Die türkische Luftwaffe bombardiert PKK-Ziele im Südosten der Türkei. Bereits am späten Montagabend hätten F-16-Kampfjets Bomben auf Stellungen der verbotenen Arbeiterpartei Kurdistans abgeworfen.

14.10.2014 09:53
Die türkische Luftwaffe hat Stellungen der PKK bombardiert. (Symbolbild) Foto: AFP

Die türkische Luftwaffe hat erstmals seit Ausrufung einer Waffenruhe vor anderthalb Jahren Stellungen kurdischer Rebellen im Südosten des Landes angegriffen. Das verlautete am Dienstag aus Sicherheitskreisen. F-16-Kampfjets hätten am späten Montagabend Bomben auf Stellungen der verbotenen Arbeiterpartei Kurdistans (PKK) abgeworfen, Angaben zu Opfern lagen zunächst nicht vor. Dort hätten die kurdischen Rebellen zuvor eine Polizeistation angegriffen, berichtete die Zeitung "Hürriyet" am Dienstag.

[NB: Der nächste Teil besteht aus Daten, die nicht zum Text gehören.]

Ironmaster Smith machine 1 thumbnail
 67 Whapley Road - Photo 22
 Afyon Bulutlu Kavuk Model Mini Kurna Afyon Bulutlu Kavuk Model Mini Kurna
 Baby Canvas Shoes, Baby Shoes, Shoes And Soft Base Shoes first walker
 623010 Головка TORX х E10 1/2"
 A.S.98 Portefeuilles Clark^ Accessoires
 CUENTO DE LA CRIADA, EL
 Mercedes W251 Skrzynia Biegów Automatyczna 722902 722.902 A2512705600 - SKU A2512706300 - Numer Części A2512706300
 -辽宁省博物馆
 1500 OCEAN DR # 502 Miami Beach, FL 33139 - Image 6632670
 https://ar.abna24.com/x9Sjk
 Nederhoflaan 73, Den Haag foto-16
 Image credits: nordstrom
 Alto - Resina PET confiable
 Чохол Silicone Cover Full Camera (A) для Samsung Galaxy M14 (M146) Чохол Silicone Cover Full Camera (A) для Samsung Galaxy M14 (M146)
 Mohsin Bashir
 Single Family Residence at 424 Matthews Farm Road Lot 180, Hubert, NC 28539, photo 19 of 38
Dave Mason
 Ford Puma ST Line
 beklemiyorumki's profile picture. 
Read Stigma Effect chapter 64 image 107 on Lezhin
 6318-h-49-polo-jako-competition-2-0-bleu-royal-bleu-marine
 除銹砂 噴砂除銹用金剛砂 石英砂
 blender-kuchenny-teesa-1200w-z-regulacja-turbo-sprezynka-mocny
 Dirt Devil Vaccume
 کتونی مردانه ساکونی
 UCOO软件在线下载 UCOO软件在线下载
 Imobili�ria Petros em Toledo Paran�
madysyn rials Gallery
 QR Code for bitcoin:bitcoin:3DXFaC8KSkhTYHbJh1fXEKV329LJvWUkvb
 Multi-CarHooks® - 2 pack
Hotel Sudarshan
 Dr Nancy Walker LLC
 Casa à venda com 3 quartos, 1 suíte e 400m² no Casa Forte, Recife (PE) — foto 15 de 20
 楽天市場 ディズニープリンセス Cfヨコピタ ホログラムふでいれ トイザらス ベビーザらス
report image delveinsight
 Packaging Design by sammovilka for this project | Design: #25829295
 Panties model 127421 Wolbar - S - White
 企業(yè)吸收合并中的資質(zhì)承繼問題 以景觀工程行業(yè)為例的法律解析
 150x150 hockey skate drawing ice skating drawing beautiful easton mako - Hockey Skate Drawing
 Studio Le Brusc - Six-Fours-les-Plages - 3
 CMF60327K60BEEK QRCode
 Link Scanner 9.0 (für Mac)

Konflikt droht zu eskalieren

Der Kurden-Konflikt in der Türkei droht vor dem Hintergrund der Geschehnisse in Syrien wieder zu eskalieren. Die PKK hatte im März 2013 eine Waffenruhe ausgerufen, zudem wurden Friedensverhandlungen mit der Regierung in Ankara gestartet.

Der inhaftierte PKK-Führer Abdullah Öcalan hatte unlängst mit einem Abbruch des Friedensprozesses gedroht, sollte die nordsyrische Kurdenmetropole Kobane, die direkt an der türkischen Grenze liegt, von der Dschihadistengruppe Islamischer Staat (IS) erobert werden. In den vergangenen Tagen gab es in der Türkei teils gewaltsame Demonstrationen von Kurden, die ein Eingreifen des türkischen Militärs gegen den IS in Kobane verlangen. (afp/dpa)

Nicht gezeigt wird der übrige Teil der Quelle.